One of our favorite local artisan food producers, Knight Salumi, had to close its doors earlier this year. Was it because their product was lackluster, their competition too difficult to overcome, their market uninterested? Nope, nah, and finally... not a chance. The culprit was a broken drain and a clerical error in paperwork.
As reported by Edible San Diego, Knight found itself haulting all pre-holiday season production at it's Kearny Mesa facility to fix a broken drain pipe as required by the USDA. Without knowing the details, let's give the benefit of the doubt to the USDA on that one – facilities should be in tip-top shape to ensure healthy conditions.
Knight was able to utilize a client's facility in Illinois to help fill in during the drain repair, and production commenced. But just when they thought they'd dodged a bullet, the USDA confiscated a 6,000 pound order, all because of a missing signature. Even after Knight had the product tested for safety, the USDA would not release it. The loss of that order was too much financial burden to bear, causing Knight to close.

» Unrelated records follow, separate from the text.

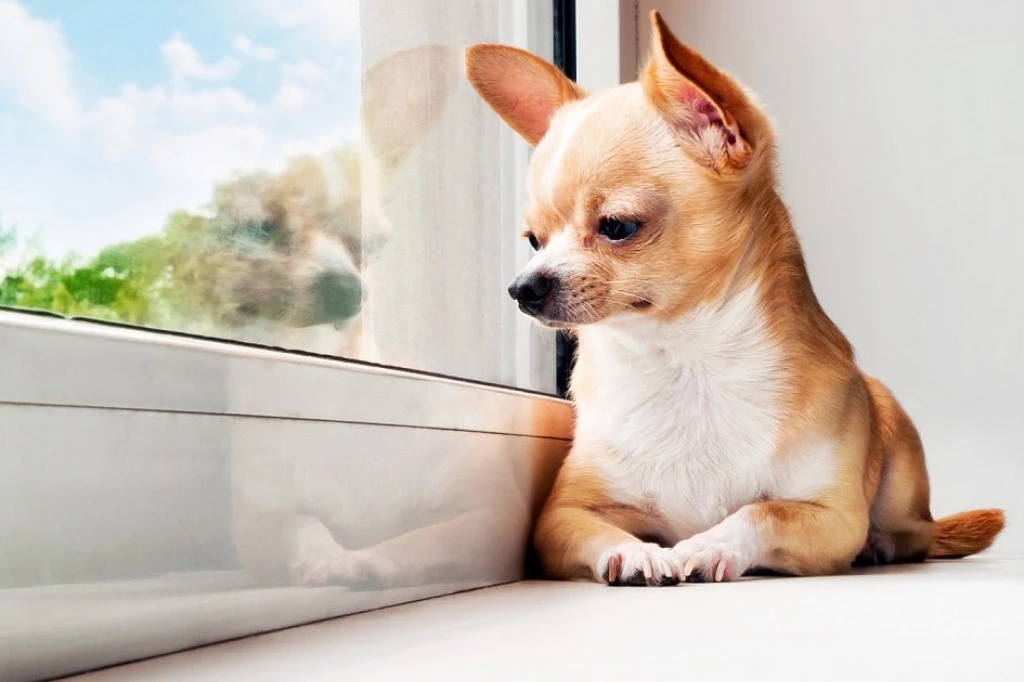 KUCA JE VIDELA LEPTIRA, A ONDA JE USLEDILO NEŠTO ČUDESNO! Ovi snimci će vam ugrejati srce (VIDEO)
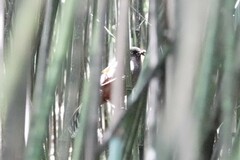 Trochalopteron elliotii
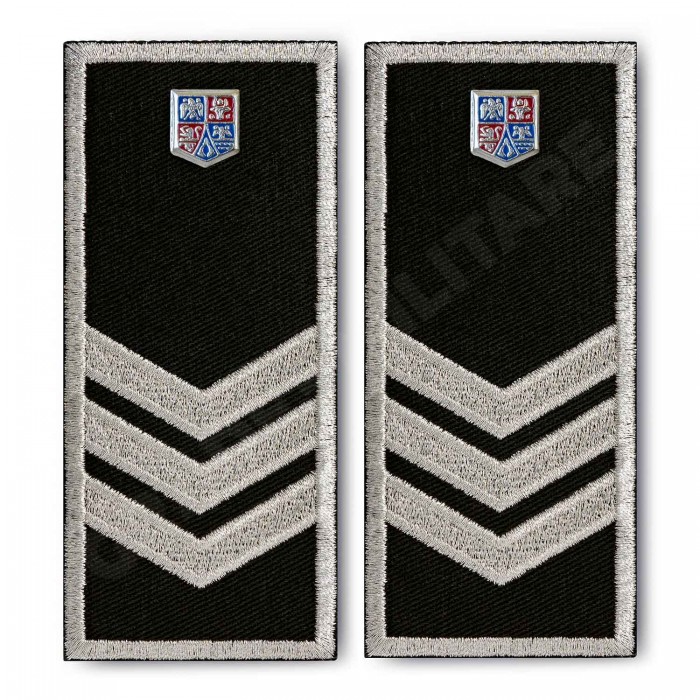 Grade Politia Locala V3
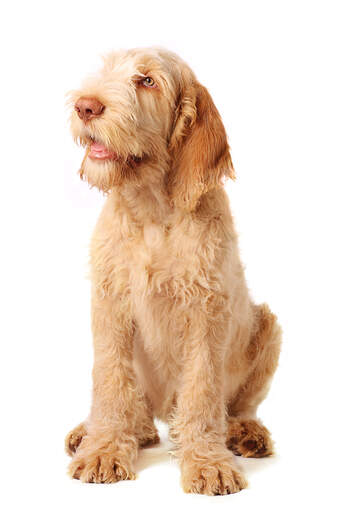 A beautiful young adult Spinone Italiano sitting neatly awaiting some attention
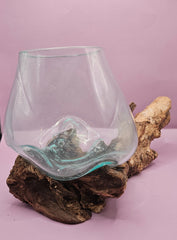 Teak root driftwood and molten glass terrarium – single globe. Handcrafted with molten glass carefully shaped over natural teak root driftwood, creating a one-of-a-kind organic design. Perfect for housing plants, succulents, or decorative displays. Ideal for home or office decor.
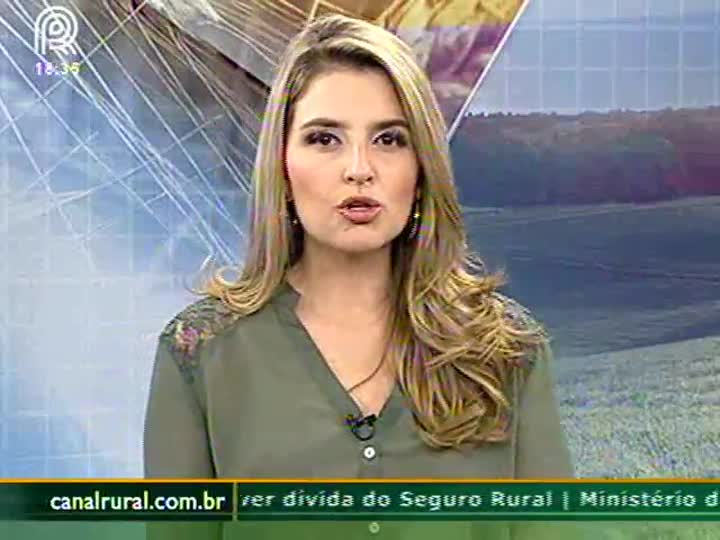 Cinco mil produtores de milho safrinha aguardam subvenção do Seguro Rural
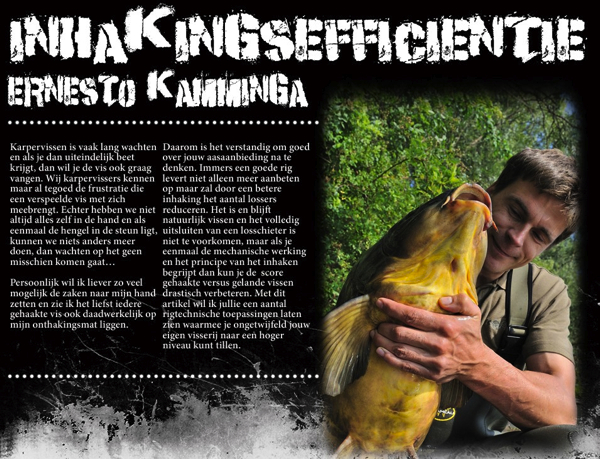 Jinsiy olatni qinga kiritish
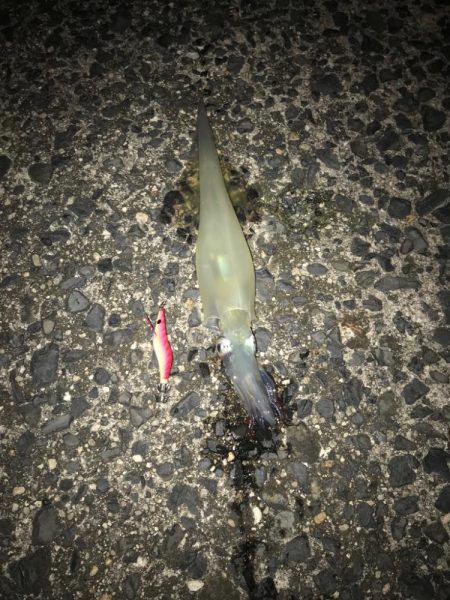 ヤリイカゲーム🦑…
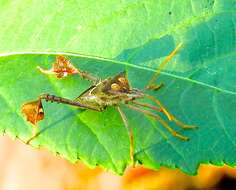 Leptoglossus zonatus (Dallas 1852) resmi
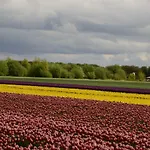 Het Uilennest Holiday home Wijdenes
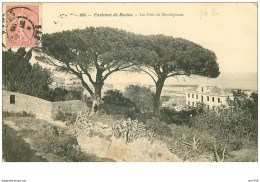 20.MONTEPIANO.n°18769.LES PINS DE MONTEPIANO.TACHE - Other & Unclassified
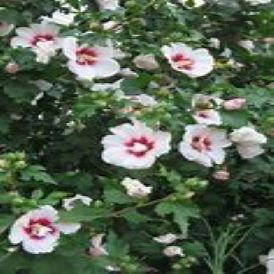 Rose of Sharon Category Image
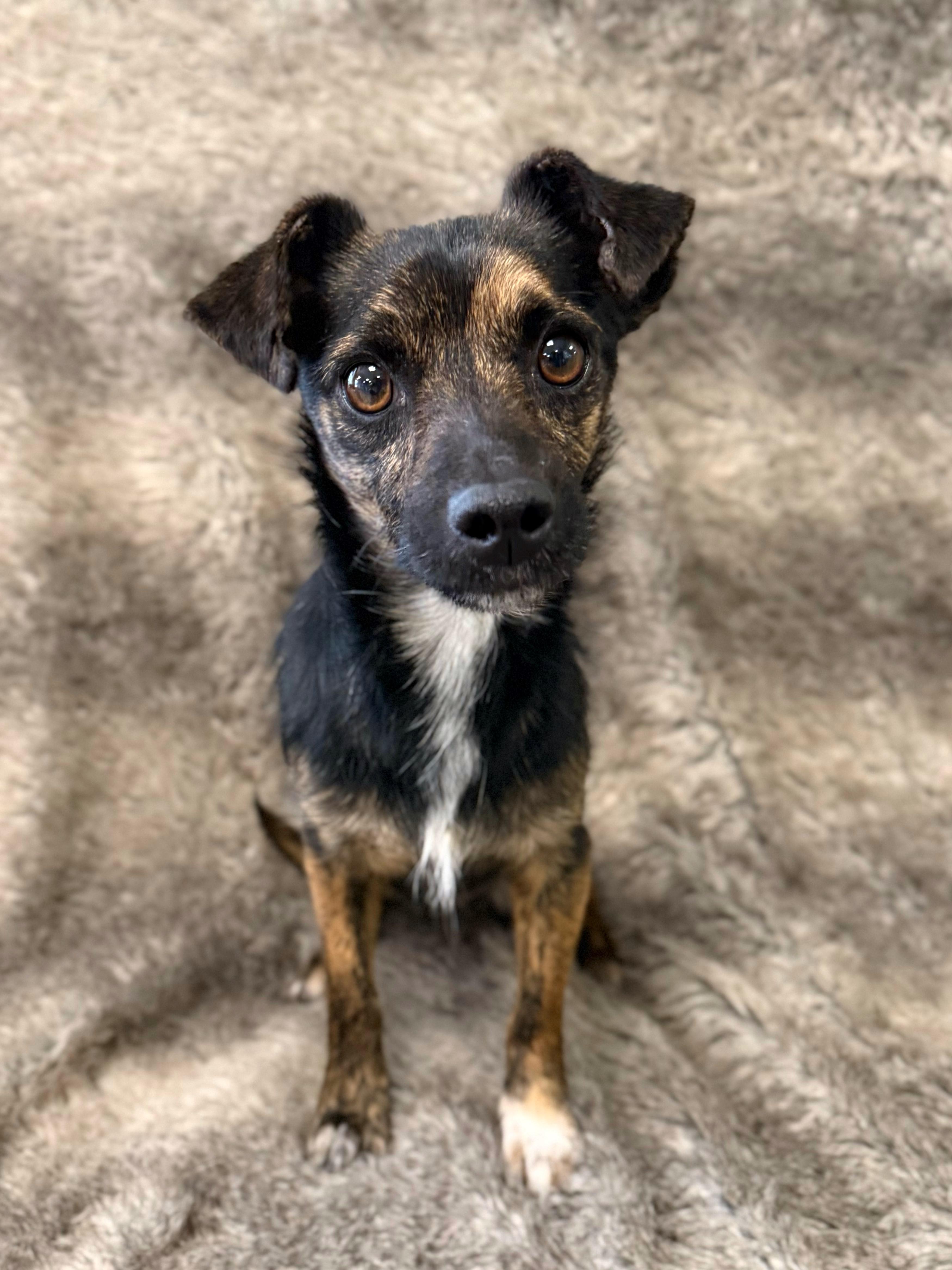 Enlarge Rudy, an adopted mixed breed in Eagle, CO image 2/6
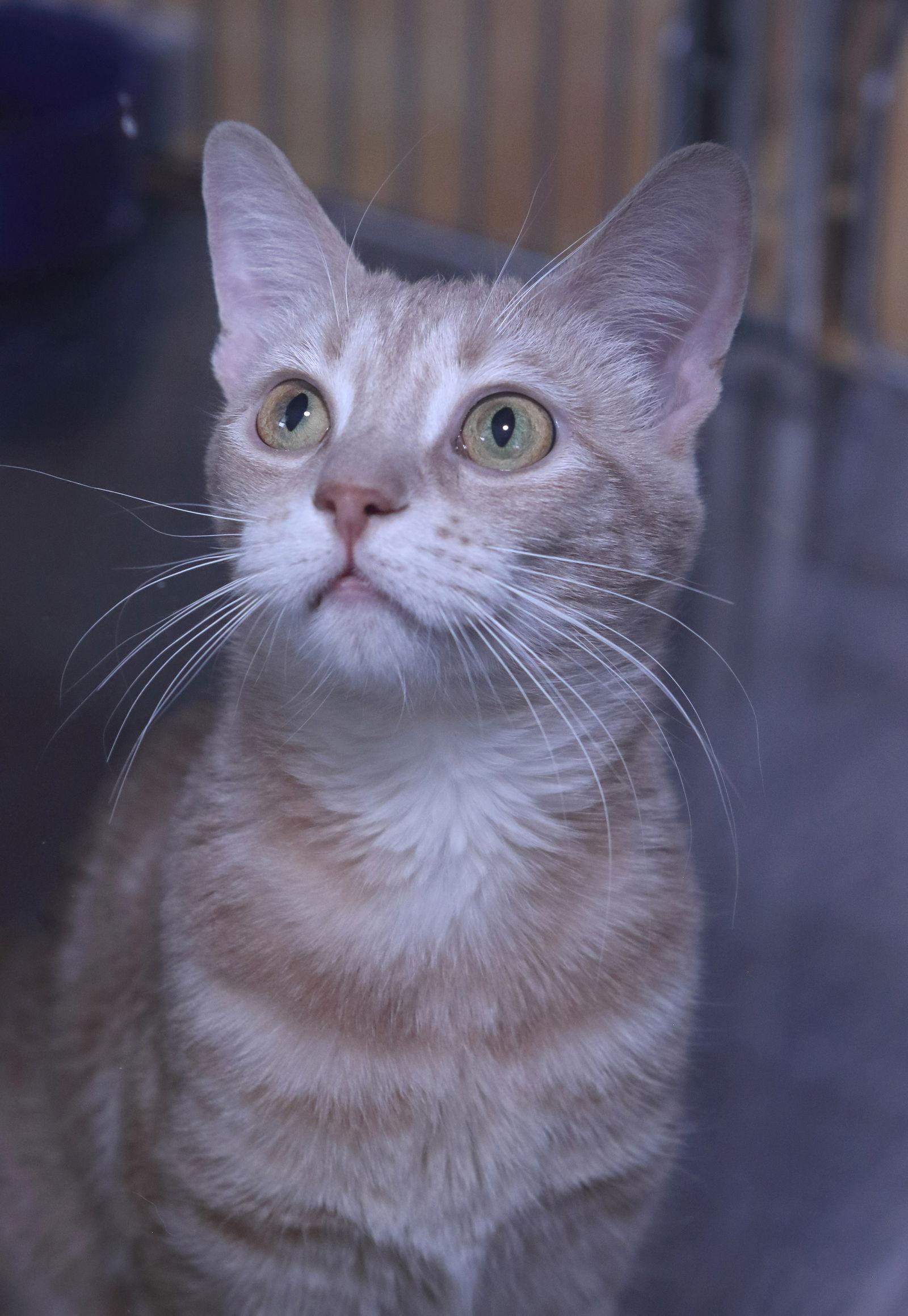 Enlarge Velvet, a Adoptable Domestic Short Hair in Austin, MN image 3/3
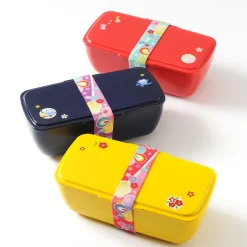 Bento Containers>Cool Bento Lunch Box
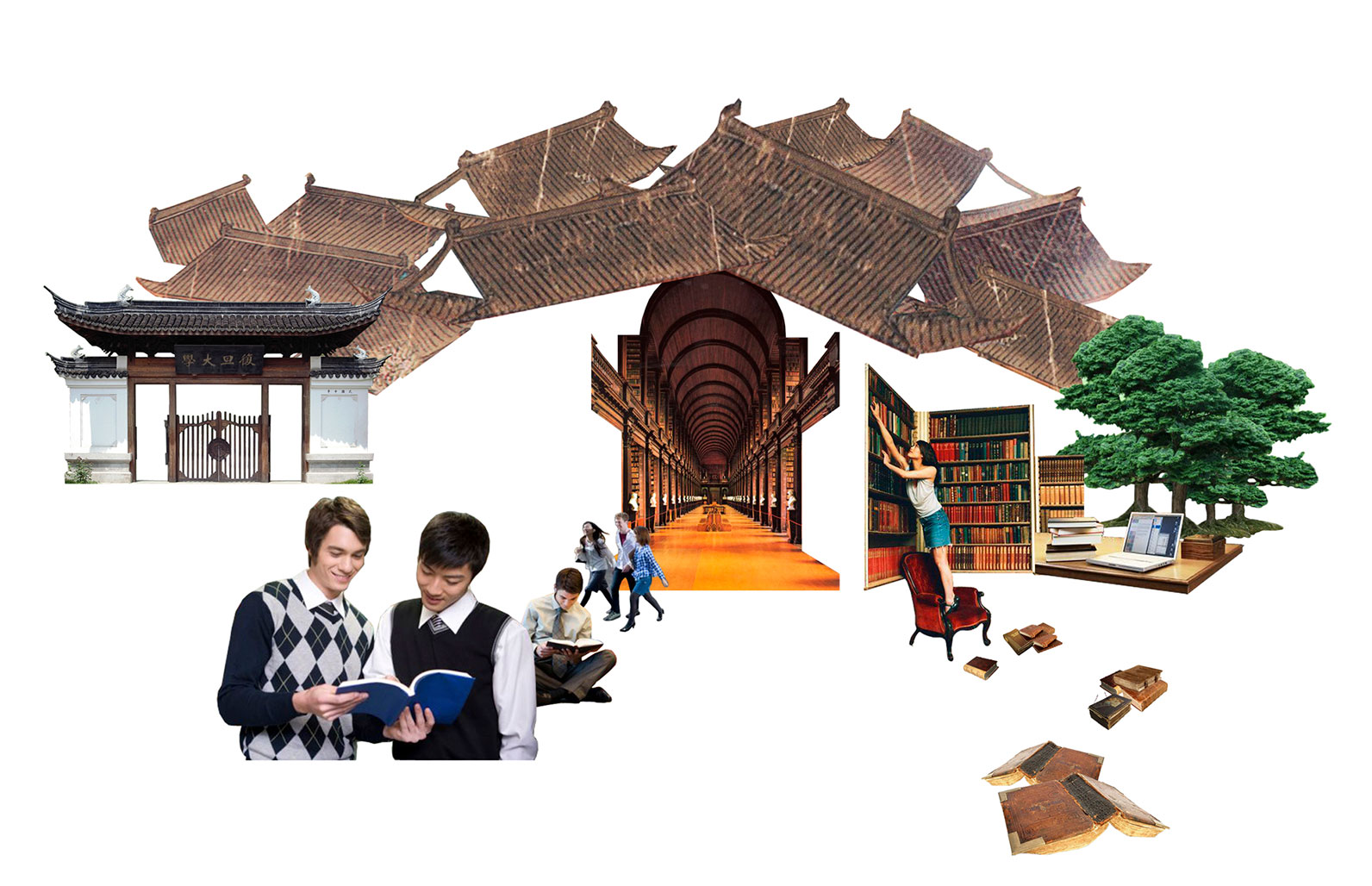COLLAGE-NINGBO-NEW-LIBRARY-1-(3)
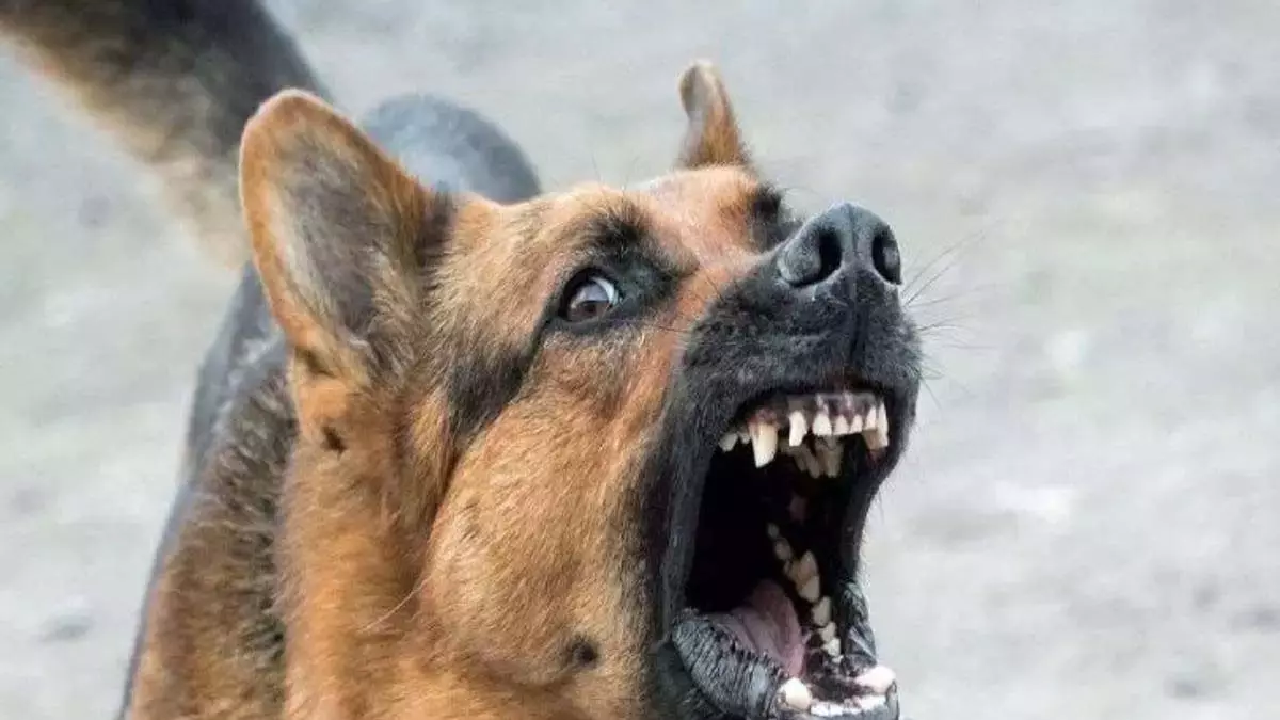 CG : पागल कुत्ते की हत्या, लगातार हमले से परेशान थे ग्रामीण …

Again, the USDA has protocol for a reason, and of course that HACCP form should have been filled out correctly. But the real question here is, can't there be room for a human to determine when a clerical error can be remedied in order to avoid the potential closing of an otherwise thriving small business?
Knight Salumi is not alone in facing sometimes questionably strict food health regulations. It's apparently become extremely difficult for restaurants to operate legitimate charcuterie programs – in New York City of all places!
While we're sad to see Knight Salumi go, we have hope for great things from charcuterie producers across America. Perhaps these challenges will only propel this renaissance into a fervor!